953 reviews140 followers
September 17, 2015
While clearly written, this book is also frustrating. What's frustrating about it, is also what I liked about it. Elgin attempts to calibrate between the absolute and the arbitrary. The way she does so is through this series of essays in which she emphasizes a constructivist approach to language, meaning, belief, identity and other kinds of objectivities. Unfortunately she is unable to find a stable point to align to. While she takes an analytic philosophy basis between these differences she ultimately judges these attempts on the basis of agency. She seems unable to realize that her pragmatic function relies heavily on the applicability of any knowledge as a philosophic credit, all the while she talks about this as if it's in plain sight. In a way her addressing past philosophers with their previous inquiries, which is a credit to her book, act as a barrier for her to really establish her own platform of assessing and generating philosophical knowledge.

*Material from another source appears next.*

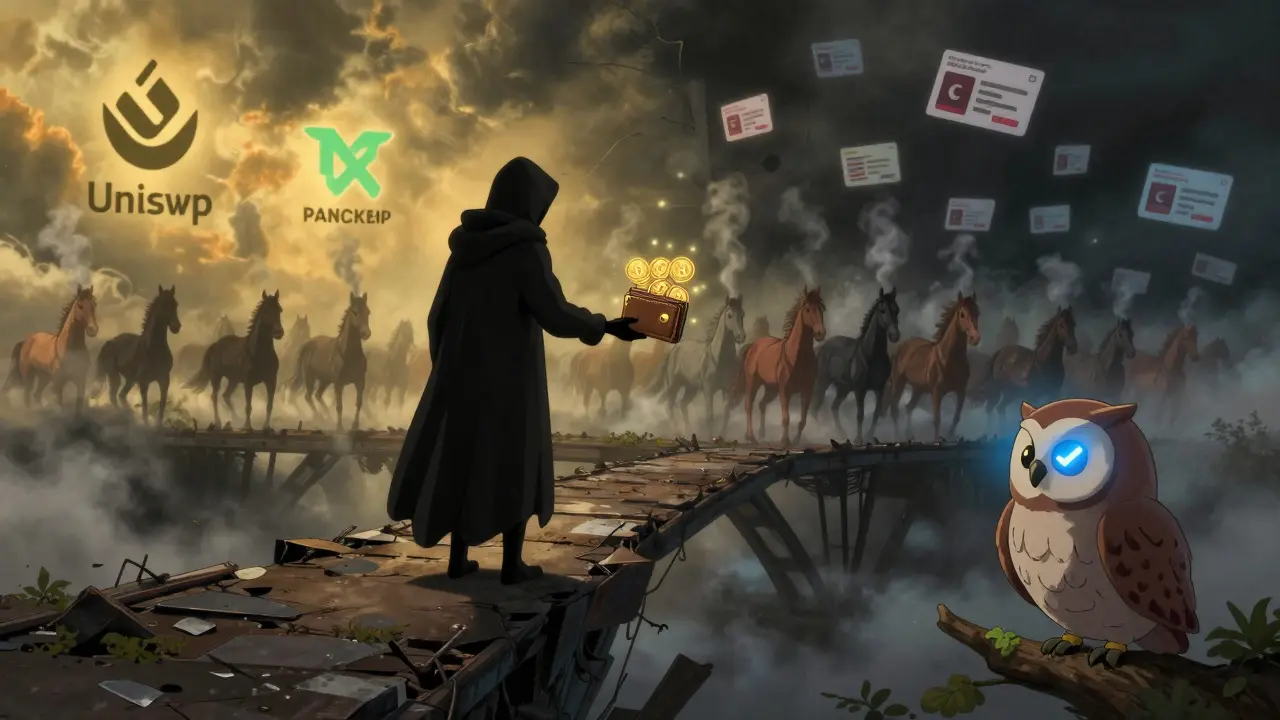 A shadowy figure reaches for crypto coins as digital horses vanish, watched by a wise owl with a blue checkmark.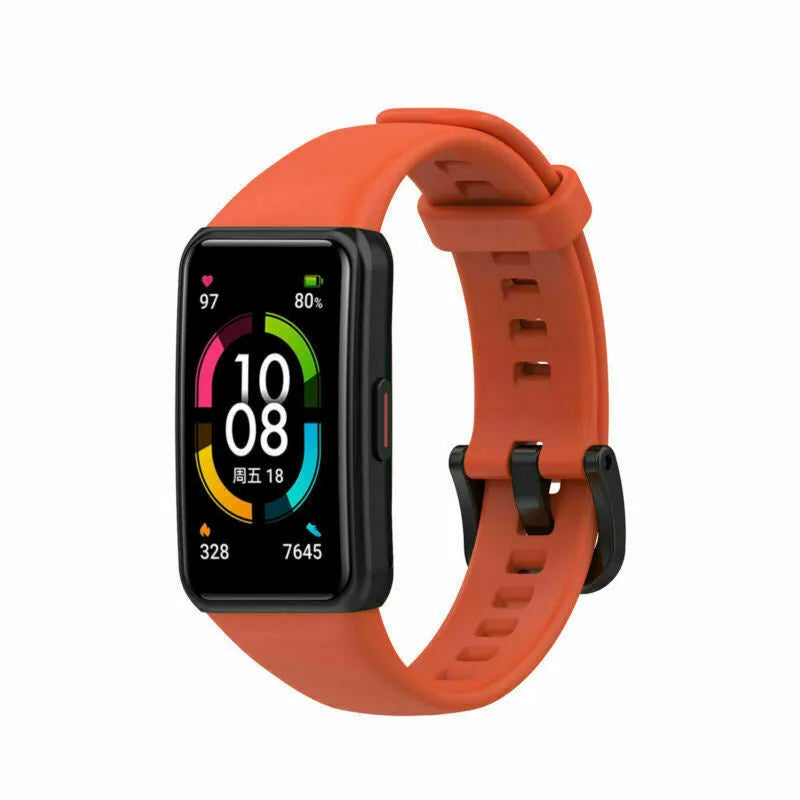Silicone Strap, orange, on a watch, 3/4 front view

I think in a greater sense, absolute positions are also arbitrary, even if they are absolute immanently. The main cut that creates this inflection point in establishing such a difference is that of the transcendental. While Elgin realizes there are different domains of knowledge, she does not seem to able to account for how these domains are different or how they interact or do not comprehend one another. In this sense, while I admire her book, her book is an incomplete gesture at attaining a fundamentally consistent application as to what is absolute and what is arbitrary. The accepted synopsis given by the publisher demonstrate this distinction quite clearly in that absolute is relied on in a traditional sense of being a true basis where as arbitrary is understood as being what is contingent. Nowhere in this book does she have a discussion about these categories even if she titles her book after them. In this sense, her reliance on the "absoluteness" of her definitions betray a blind spot in how she judges the validity/applicability of any concept. I think a discussion involving domain parameters (transcendentals, if you will) will be a good place to begin to frame how this distinction is itself arbitrary, although of course, such a discussion should not remain locked in terms of transcendentals at all.